I have been reading about Marina Abramović and her performance based retrospective The Artist is Present, at MoMA. Watch a live feed here of a new original piece she performs now until May 31.
© 2010 Marina Abramović
Courtesy the artist and Sean Kelly Gallery / Artists Rights Society (ARS), New York
Photo by Scott Rudd
And I was reminded of Lernert and Sander's video How To Explain It To My Parents, 90.
Participating artist Arno Coenen.
Not implying that How To Explain It To My Parents, 90 is necessarily a strong comparison to The Artist is Present, but the aesthetic is strikingly similar and the camera plays a strange yet somewhat secondary role in both. As well, both pieces consider the need to define or resolve one's work, in contrast to remaining tight lipped. For myself this is a an ever present question, especially while tackling the double roles of artist/curator (re- me). As artist I want my work to speak volumes, but as curator I am creating a show, maybe needing a narative of sorts. Alligning both desires is the hard part.

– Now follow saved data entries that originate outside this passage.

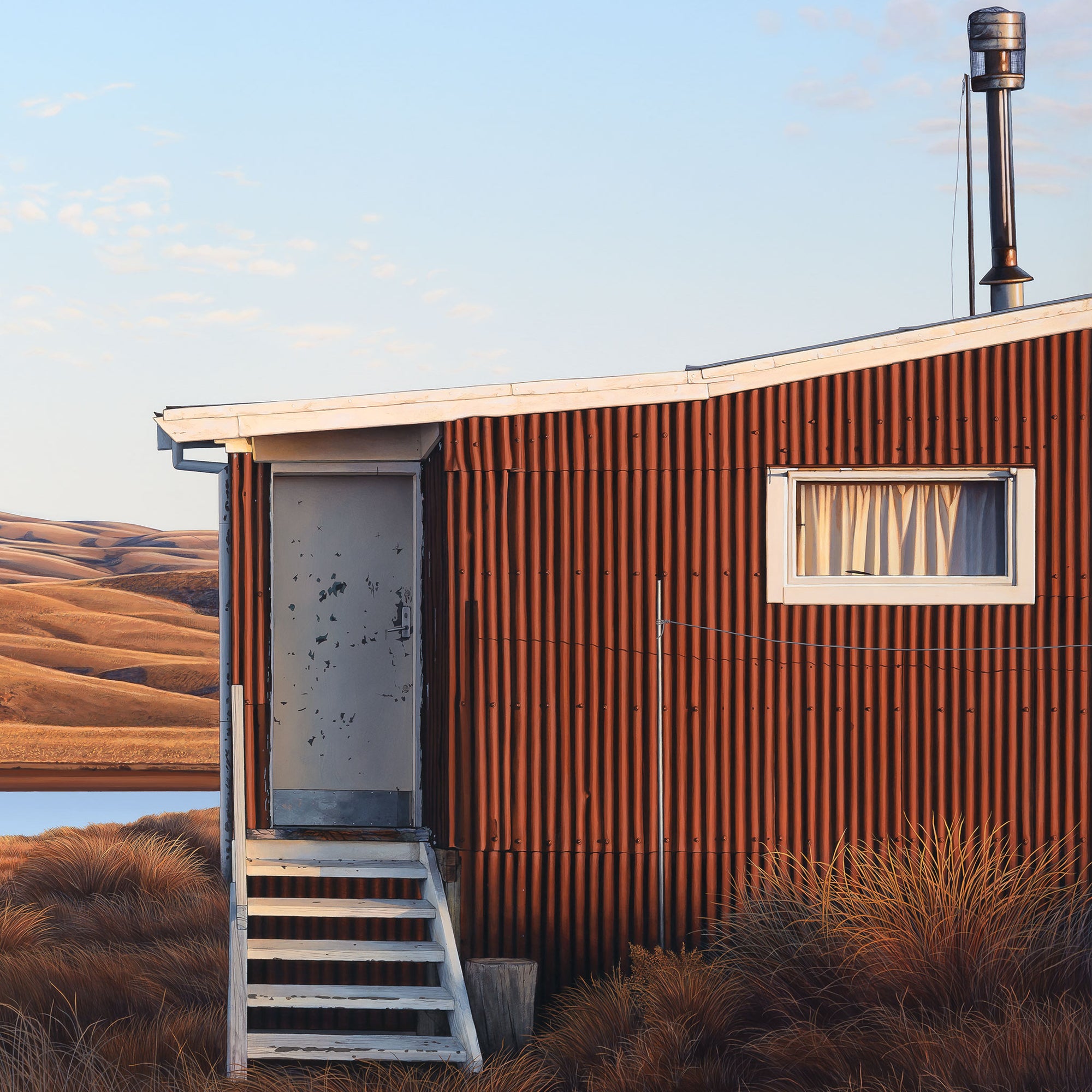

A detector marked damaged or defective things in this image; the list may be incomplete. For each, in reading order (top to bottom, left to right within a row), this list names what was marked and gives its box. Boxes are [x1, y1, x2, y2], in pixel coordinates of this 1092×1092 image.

rusty metal cladding [229, 452, 272, 826]
rusty metal cladding [422, 325, 1092, 1000] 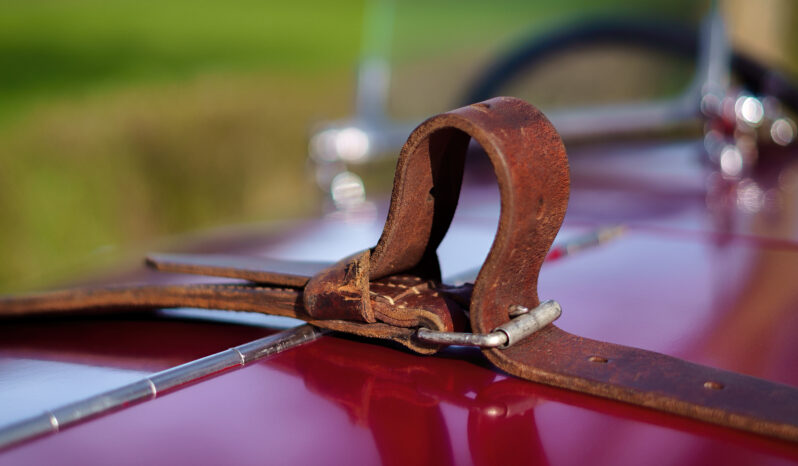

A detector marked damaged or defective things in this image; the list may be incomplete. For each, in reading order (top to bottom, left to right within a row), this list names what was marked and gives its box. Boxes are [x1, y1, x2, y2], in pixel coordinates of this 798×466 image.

rusty leather surface [1, 97, 798, 440] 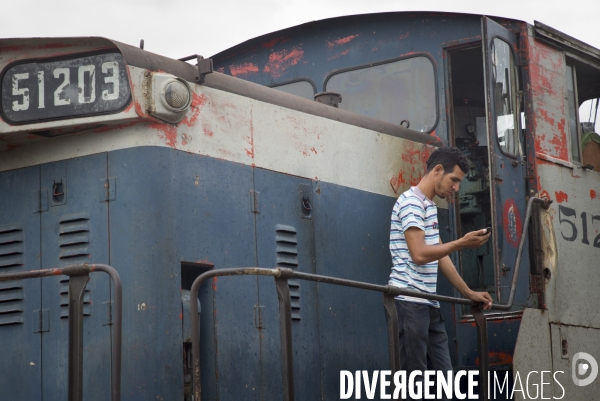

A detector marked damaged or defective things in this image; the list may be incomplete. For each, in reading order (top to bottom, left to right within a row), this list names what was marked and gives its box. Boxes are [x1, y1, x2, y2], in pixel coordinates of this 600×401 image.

rust patch [264, 47, 304, 79]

Perhaps Abramović's silent perch underscores the simple need for contemplation in a gallery space. Or, that before begging for answers about performance based art, a deliberate internal moment might reveal explanation enough. While her performances are generally silent in nature and unfocused on persona, for this one in particular she readily places herself in the Artist role. She leaves an opening (with the literal seat) for the viewer in order to cultivate a relationship, and uses a normative table setting as the stage.
But it is with the video component, where the live feed creates a second slightly separate layer, that I am intrigued. The documentation process becomes the channel for viewership, so while it is real time, the viewer is often in fact not present at all. The relationship now has three perspectives, artist, viewer and gaze. The silence between all parties allows for attention to be paid on the body and the emotional presence, or lack of, of the artist. Is it narcissistic? Somewhat. But Abramović's haunting stare is unapologetic (and one would imagine strangely exhausting).

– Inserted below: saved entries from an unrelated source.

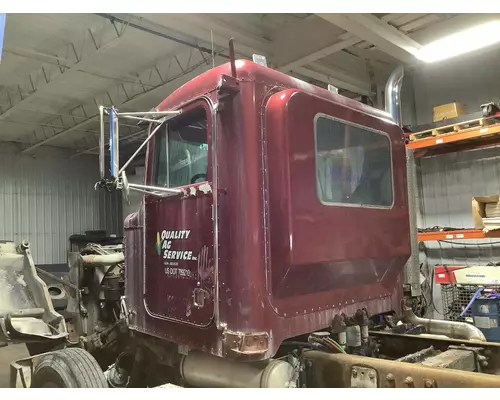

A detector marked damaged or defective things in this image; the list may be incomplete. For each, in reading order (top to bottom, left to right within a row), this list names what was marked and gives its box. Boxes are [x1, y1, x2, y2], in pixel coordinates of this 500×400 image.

rusty metal part [402, 306, 484, 340]
rusty metal part [224, 330, 270, 354]
rusty metal part [304, 350, 500, 388] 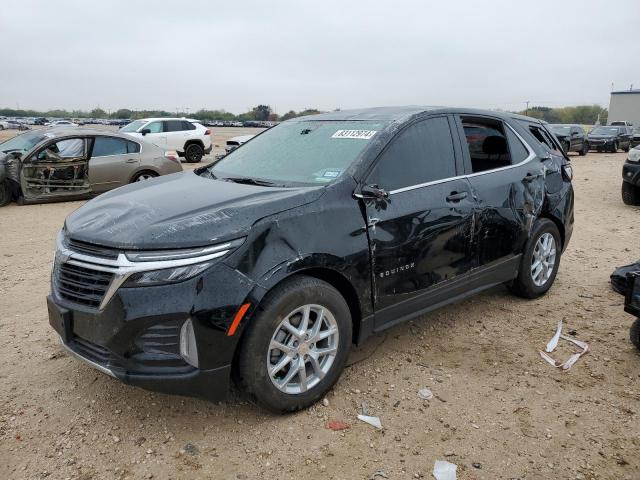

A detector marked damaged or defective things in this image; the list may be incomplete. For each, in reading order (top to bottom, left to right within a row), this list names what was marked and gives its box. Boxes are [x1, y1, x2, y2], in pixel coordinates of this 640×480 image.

dent on door [21, 138, 90, 200]
damaged car in background [0, 128, 182, 207]
damaged car in background [46, 107, 576, 410] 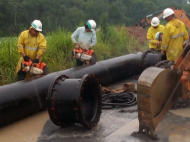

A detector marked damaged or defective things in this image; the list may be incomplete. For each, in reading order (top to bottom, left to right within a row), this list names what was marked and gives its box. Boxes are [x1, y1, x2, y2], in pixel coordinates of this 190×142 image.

rusty pipe section [0, 51, 162, 127]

But with silence comes questions. And to me the heart of most conceptual art is the need for a discussion to be born of the piece. Statements and explanations become necessary, and people expect to know inspirations and musings. It seems that Lernert and Sander simply exploit the offshoot dialogue of Arno Coenen's original Eurotrash Brewery Project. I see the conversation as something of an aftershock effect from the initial work, and the film series comes across purely documentary in nature. None the less intimate and engaging, Lernert and Sander provide a controlled environment for thoughtful interaction to occur. How To Explain It To My Parents, 90 seems more stagnant though, as the art being discussed has past, and I the viewer have limited access to it other than what is being spoken of. This is the fundamental issue of performance gone past.
As Abramović's retrospective tackles this question she re-stages personal past works with stand-in performers, mirroring her own re-staging of other artist works (Seven Easy Pieces, November 2005). In interviews she states that re-staging is worth the danger of mixing personalities, as without it there are only photographs and film, which are dead. Abramović believes that perhaps the best documentation for her work is just the memory of the audience. It seems that the memories and the experience of the viewer provides enough explanation for her work.
Someone once gave me the advice, don't complain, don't explain. As artist, to explain one's art seems less valuable than to activate one's art, but dialogue does not necessarily need to be excluded. And as viewer, sure, have beef with art you don't understand, but to hold claim on an explanation is another thing altogether.
You seem to have caught the ephemeral. I like it.